If we engage a contractor to do a piece of work for us (a project manager on a six-month term, say) we as an organisation are highly likely to know when he or she joins, and later leaves, the company. If we engage a third party to get their team to do some work for us – mass data entry, for example – the people doing the work are faceless to us, and are just a list of names on a form or email. We will probably not be notified when someone leaves the service provider’s employment: even if the contract stipulates that we should be told, the notification will often be late or even forgotten completely. The “a framework of policies and technologies” mentioned in the definition of IAM becomes more essential than ever.

The definition misses an important point, though: policies and technologies don’t cover the whole spectrum of IAM. In the above scenario, people can fail to follow policies and no amount of technology will allow us to monitor IAM for an application whose access provisioning involves us filling in a PDF or Microsoft Word form and emailing it to the supplier. In such cases the people dealing with IAM need to be proactive – requesting regular lists from the supplier of who has access to what, for example. They also need to be involved in regular service reviews, to ensure that sub-standard performance is stamped on quickly.
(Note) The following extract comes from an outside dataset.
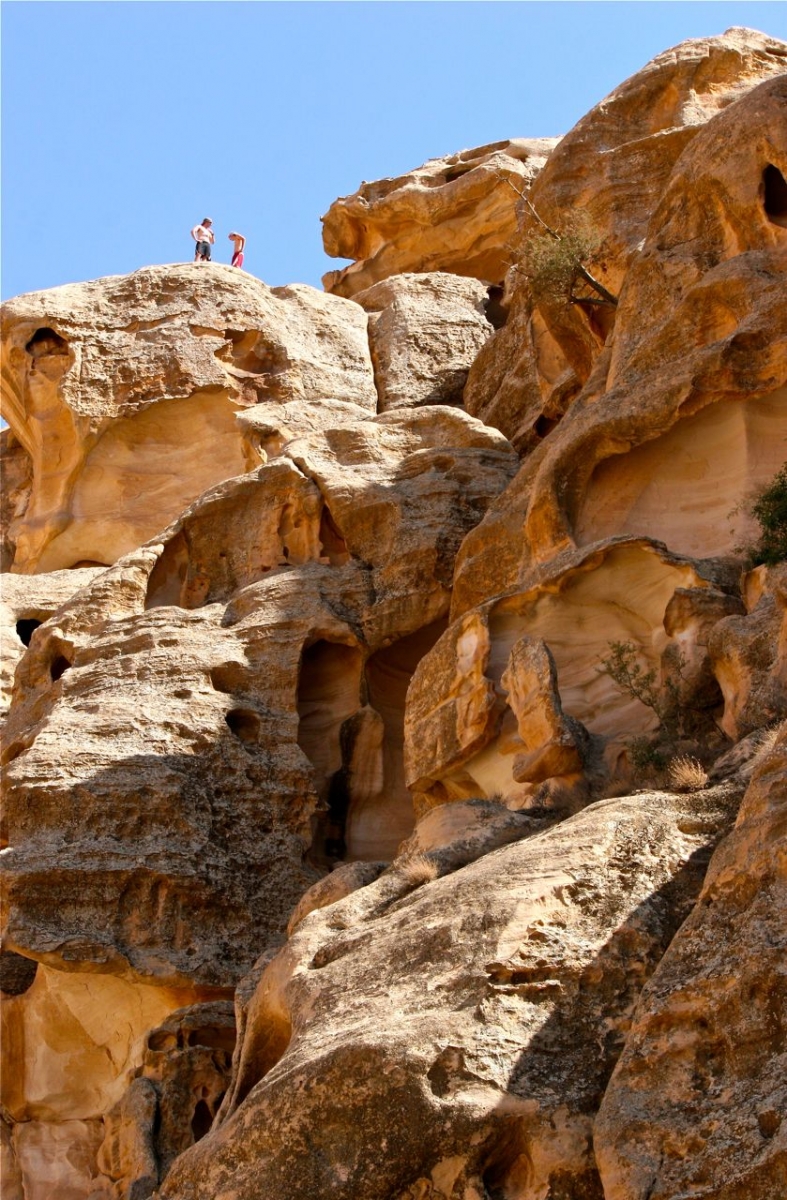 Hiking and Trekking near Petra, Jordan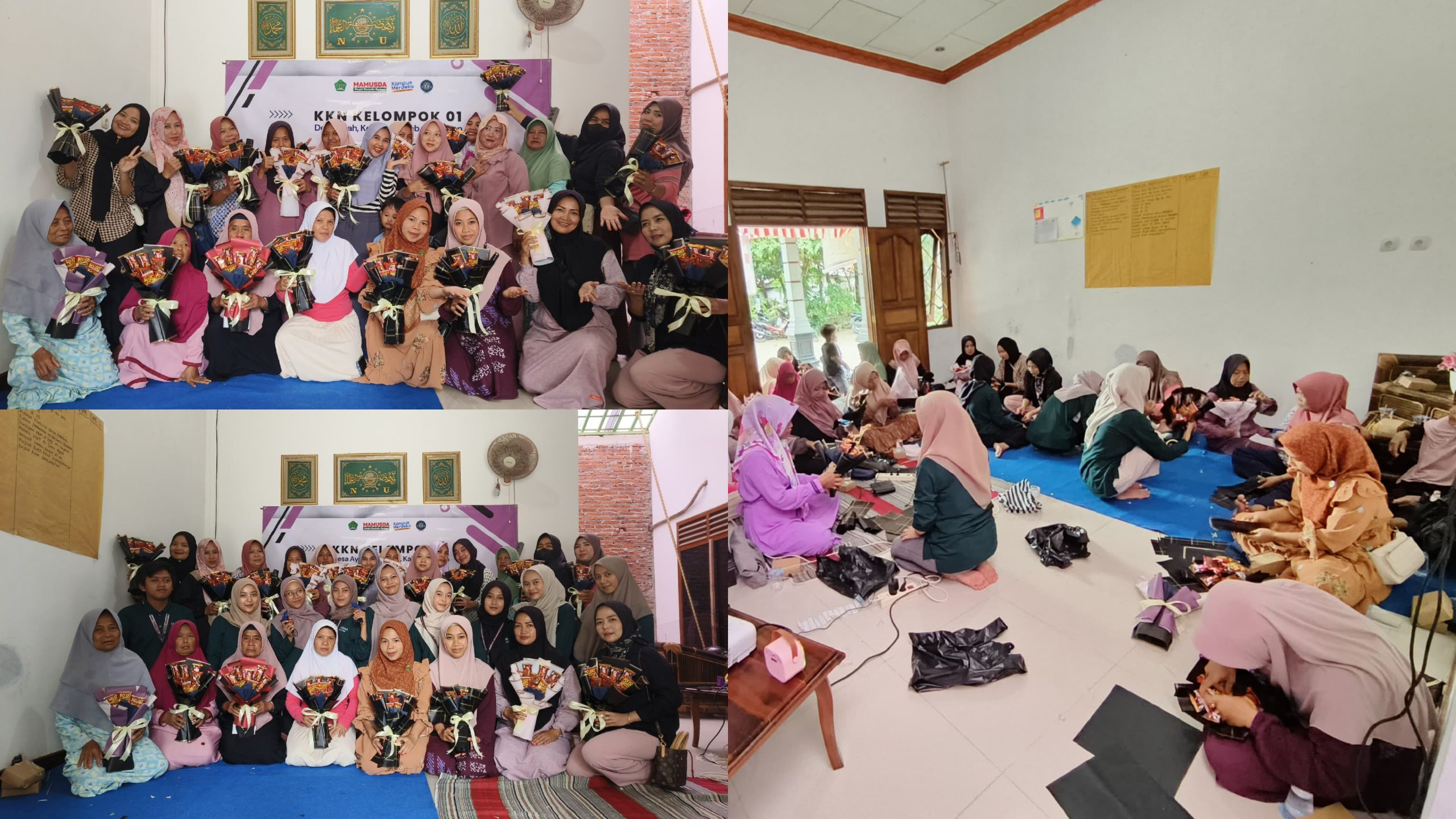 Pelatihan Pembuatan Bouquet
And if there is a need to take on a new service that cannot be integrated with the corporate AD database, they need to be involved from the very start in order to ensure that the IAM process – particularly monitoring of access and de-provisioning of leavers – is as good as it can be made to be.

Why, then, do so many organisations use their most junior people to do IAM? Access provisioning is done by the front-line, level 1 Service Desk staff who follow a step-by-step guide of what to click on and what to type in order to provision a user. They don’t apply any in-depth IAM knowledge, or any consideration of the risk of what they’re provisioning, because they’re just out of school and they don’t yet have (and can’t be expected to have) those skills. Many organisations lack the skills – and often the people – to do the more complex tasks of verifying access controls and making sure deprovisioning is done effectively and promptly.

So, by all means have your junior teams do the mechanical, hands-on provisioning and de-provisioning. But if you are to avoid descending into a spiral of overprovisioned users and un-de-provisioned ex-staff, ensure you have the people with the skills, knowledge and experience to do it.